En ese sentido, continúa el presidente del Instituto de Política, Defensa y Gobernanza (IPAG), «los rohingya no suponen ningún provecho político para la India y siendo amable con ellos te alejas de Myanmar, algo que el Gobierno indio no quiere porque eso es más importante para ellos que los rohingyas».
En los círculos académicos y mediáticos de India, numerosas voces han señalado que los pasos que está dando el gobierno del BJP con los rohingyas –tanto la repentina criminalización de los que viven en India, como el olvido de los que sobreviven en los campamentos de Bangladesh– responden a una estrategia doméstica: contentar a sus seguidores más fieles al nacionalismo hindú.
Hay quienes temen que este camino acabe realmente con la expulsión de los refugiados y quienes opinan que solo se está agitando a las masas de cara a las elecciones generales del año que viene. Kipgen no cree que la política actual con los rohingyas «signifique necesariamente que vaya a haber un enfoque similar con otros refugiados».
El Ejecutivo indio ha vivido también varios encontronazos con la comunidad tibetana, afincada desde hace 60 años en la zona de Dharamsala, al norte de la India. Allí, en McLeod Ganj, reside su gobierno en el exilio. El detonante de la última discordia fue la decisión del BJP de distanciarse de los eventos que los tibetanos han organizado para conmemorar sus seis décadas debido a la «sensible» situación actual entre India y China. Delhi intenta suavizar posturas con Pekín después de un año marcado por la tensión en el paso fronterizo de Doklam. Tampoco pierde de vista su dependencia económica y su desventaja militar respecto a la otra gran potencia.
Con el ambiente un poco cargado, la comunidad tibetana exiliada se dispuso a celebrar en Dharamsala la ayuda prestada por India todos estos años en una ceremonia llamada «Gracias, India».

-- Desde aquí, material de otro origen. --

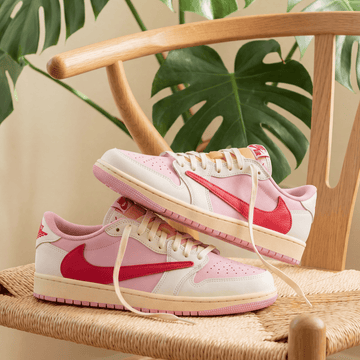 Travis Scott x Air Jordan 1 Retro Low OG 'Sail Tropical Pink'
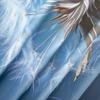 Bedding set 220x200 SATIN COTTON digital print dandelion blue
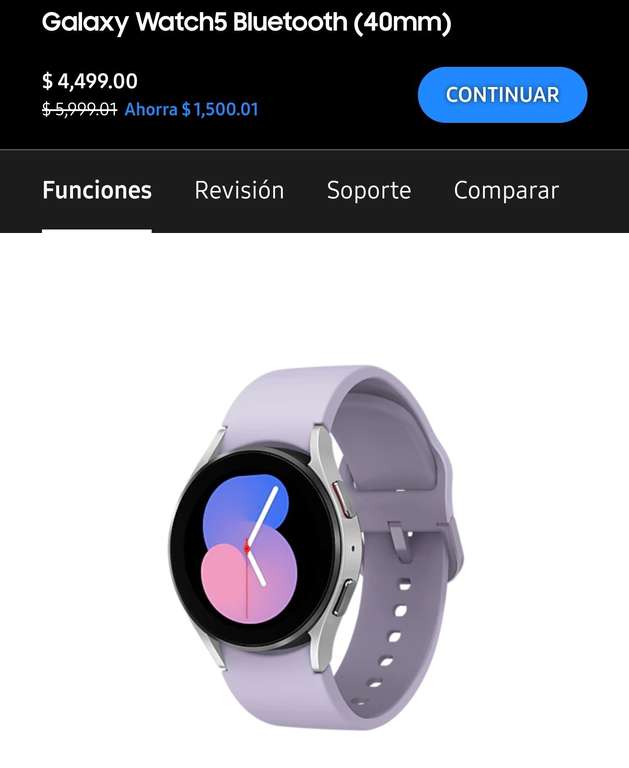 Samsung Store: Smart watch Samsung Galaxy 5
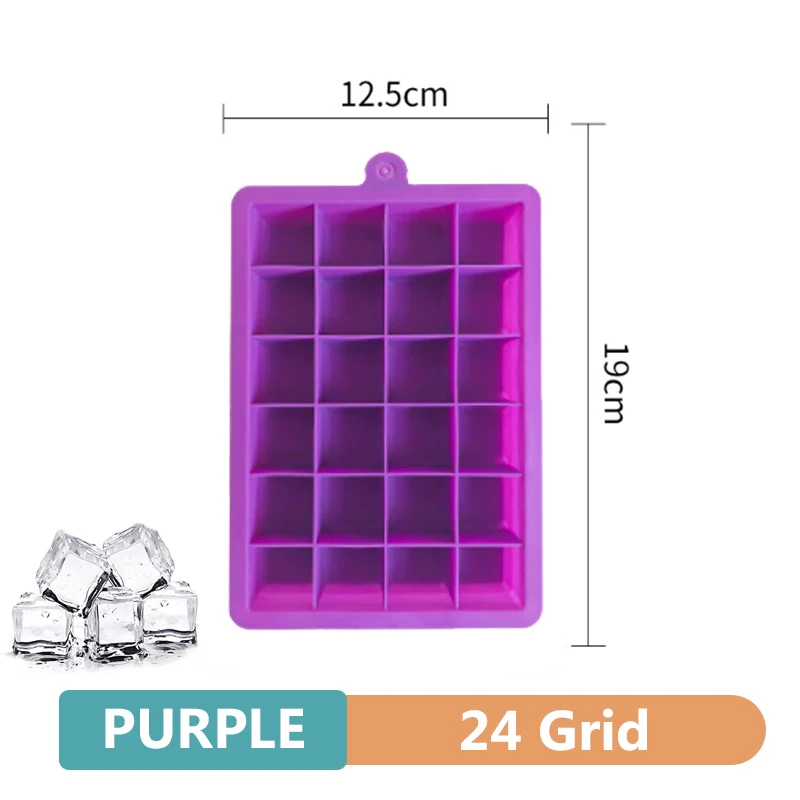 4/6/8/15 Grid Big Ice Tray Mold Giant Jumbo Large Food Grade Silicone Ice Cube Square Tray Mold DIY Ice Maker Ice Cube Tray image 3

Habló el Dalái Lama, hablaron autoridades indias y habló el líder político del exilio tibetano, Lobsang Sangay, que, entre un sinfín de pertinentes agradecimientos al país que les ha acogido, coló un mensaje a su líder espiritual: es hora de «reforzar nuestros esfuerzos» para hacer realidad el sueño de «reunir» a la población exiliada con sus compatriotas al otro lado del Himalaya. Es hora de volver a casa. Muchos, sobre todo los jóvenes, ya están optando por salir de India camino de Occidente, en busca de un futuro mejor, o están regresando al Tíbet del que huyeron sus padres.